The platform supports accelerated code execution over NVIDIA graphics processing units (GPUs):

You can use node selection to specify nodes for GPUs. Use labels to identify the nodes as described in Node Selection.
You can run Nuclio serverless functions on GPUs.
You can run GPU applications that use one of the following supported GPU libraries from a platform Jupyter Notebook service with the GPU flavor:
- Horovod
- RAPIDS

Horovod

The platform has a default (pre-deployed) shared single-instance tenant-wide Kubeflow MPI Operator service (mpi-operator), which facilitates Uber's Horovod distributed deep-learning framework. Horovod, which is already preinstalled as part of the platform's Jupyter Notebook service, is widely used for creating machine-learning models that are trained simultaneously over multiple GPUs or CPUs.

You can use Horovod to convert a single-GPU TensorFlow, Keras, or PyTorch model-training program to a distributed multi-GPU program. The objective is to speed up your model training with minimal changes to your existing single-GPU code and without complicating the execution. Note that you can also run Horovod code over CPUs with just minor modification. For an example of using Horovod on the platform, see the image-classification-with-distributed-training demo.

Note

To run Horovod code, ensure that the mpi-operator platform service is enabled. (This service is enabled by default.)
Horovod applications allocate GPUs dynamically from among the available GPUs in the system; they don't use the GPU resources of the parent Jupyter Notebook service. See also the Jupyter GPU resources note.

RAPIDS

You can use NVIDIA's RAPIDS open-source libraries suite to execute end-to-end data science and analytics pipelines entirely on GPUs.

To use the cuDF and cuML RAPIDS libraries, you need to create a RAPIDS Conda environment.
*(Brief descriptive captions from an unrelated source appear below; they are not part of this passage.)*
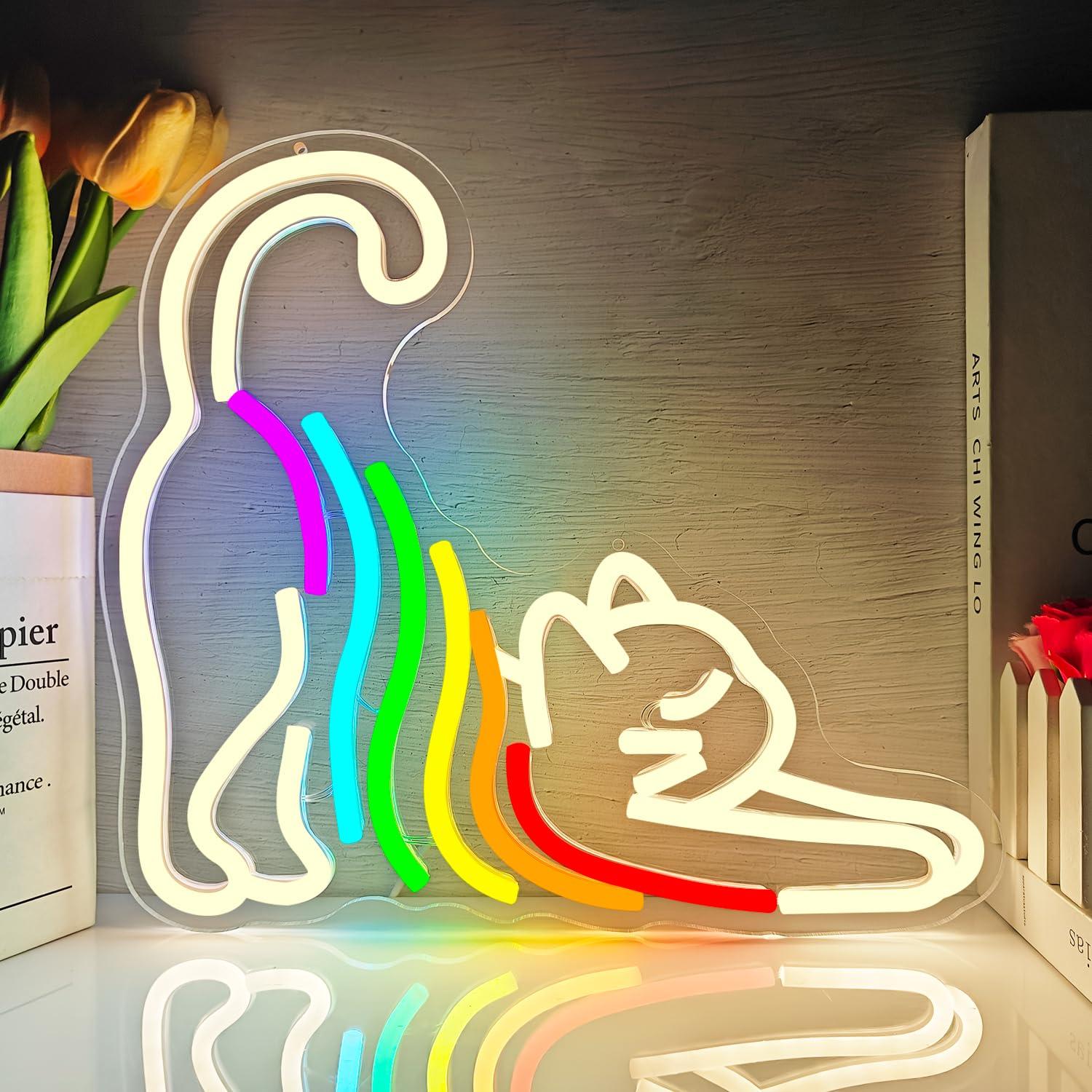 Neon Sign Party - レインボーストレッチキャットネオンサインは、寝室、子供部屋、かわいい装飾的なパーティーアレアなどの装飾に最適です。特別なギフトにも最適です。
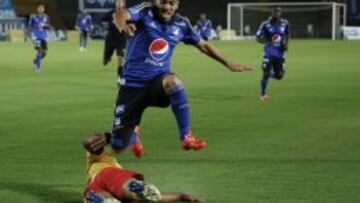 El delantero argentino marcó su primer gol con Millonarios ante Chicó.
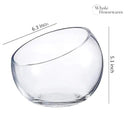 WHOLE HOUSEWARES | Slant Cut Bowl Glass Vase, Width 6.3", Height 5", Clear Terrarium Jar, Candy Jar, Fruit Jar, Floral Container for Wedding Party Event, Home Office Decor, 1 Piece by CozyNest Decor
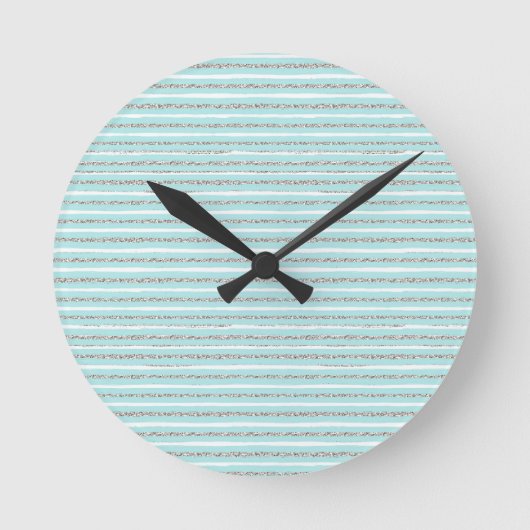 Mint-Glitzer-Effekt Stripmuster Runde Wanduhr (Vorderseite)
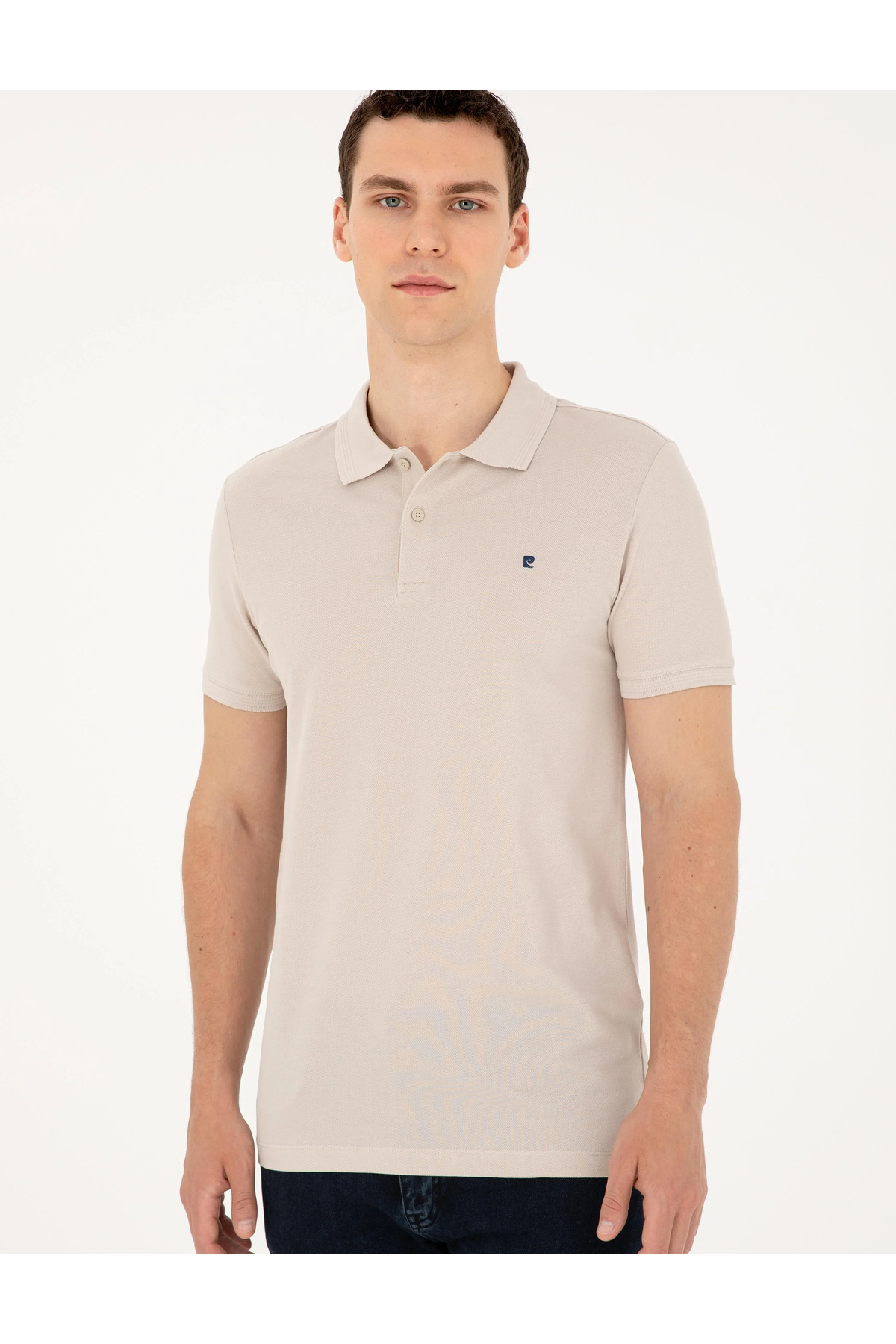 پولوشرت پیر کاردین مردانه پنبه ای خاکستری بیسیک راسته Slim Fit/اسلیم فیت    Slim/اسلیم فیت کژوال/روزمره | Pierre Cardin G021GL011.000.1954212 TR - تصویر 3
For example, you can run the following command from a Jupyter notebook or terminal to create a RAPIDS Conda environment named rapids:

conda create -n rapids -c rapidsai -c nvidia -c anaconda -c conda-forge -c defaults ipykernel rapids=0.17 python=3.7) cudatoolkit=11.0

For more information about using Conda to create Python virtual environments, see the platform' virtual-env.ipynb tutorial Jupyter notebook.

For a comparison of performance benchmarks using the cuDF RAPIDS GPU DataFrame library and pandas DataFrames, see the gpu-cudf-vs-pd.ipynb tutorial notebook.